Author: Willeke, F.J.
Paper Title Page
MOCOZBS01
The Use of ERLs to Cool High Energy Ions in Electron-Ion Colliders  
 
  • S.V. Benson, A. Seryi, C. Tennant, Y. Zhang
    JLab, Newport News, Virginia, USA
  • G. Stupakov
    SLAC, Menlo Park, California, USA
  • F.J. Willeke
    BNL, Upton, New York, USA
 
  Funding: Authored by Jefferson Science Associates, LLC under U.S. DOE Contract No. DE-AC05-06OR23177
Future electron-ion colliders collide high-intensity ion beams with high current electron beams. The electron beams take advantage of synchrotron radiation to damp emittances but the ion beams must be cooled via a beam cooling mechanism, including electron cooling. The ion energies are typically a few hundreds of GeV per nucleon, for an electron-ion collider envisioned to be built in US. At this energy, DC coolers powered by electrostatic accelerators, are not useful. The ERL, in principle, can provide the high current and brightness to cool these high-brightness ion beams. The beam quality requirements are much different from previous ERLs designs used for FELs. The cooling bunch must be much longer than in an FEL and the relative energy spread must be very small.

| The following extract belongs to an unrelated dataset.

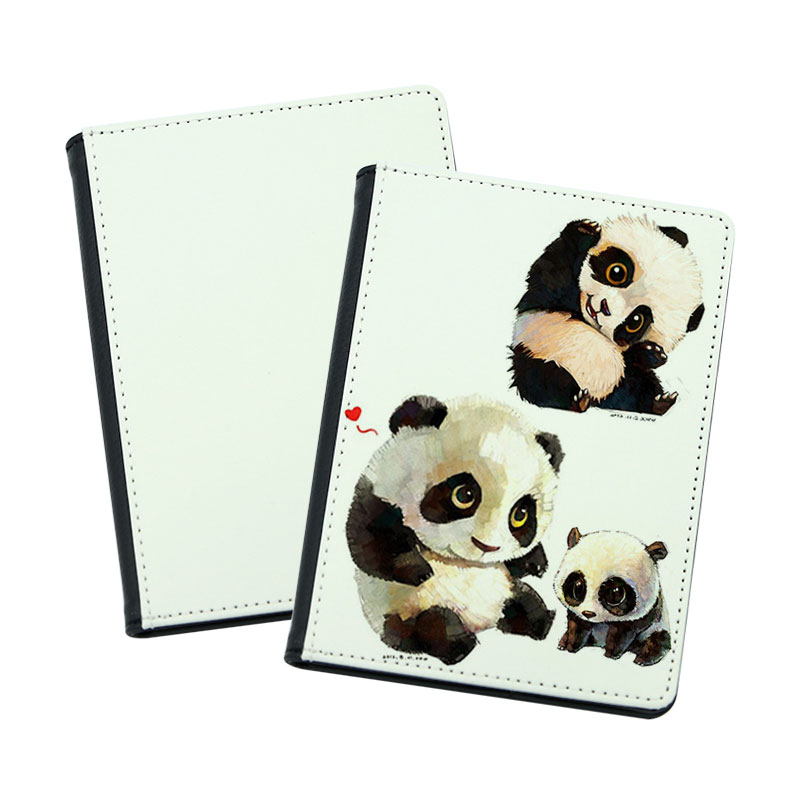 Carnet modifiable en similicuir par sublimation - Format A4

Incoherent cooling can be enhanced with magnetized beams, but the magnetization must be maintained throughout the ERL. An alternate cooling mechanism, the so-called Coherent Electron Cooling, is, in principle, stronger and can be done with non-magnetized beams. We will present several applications of ERLs to high energy electron cooling and describe the technical challenges that must be overcome to build such an ERL.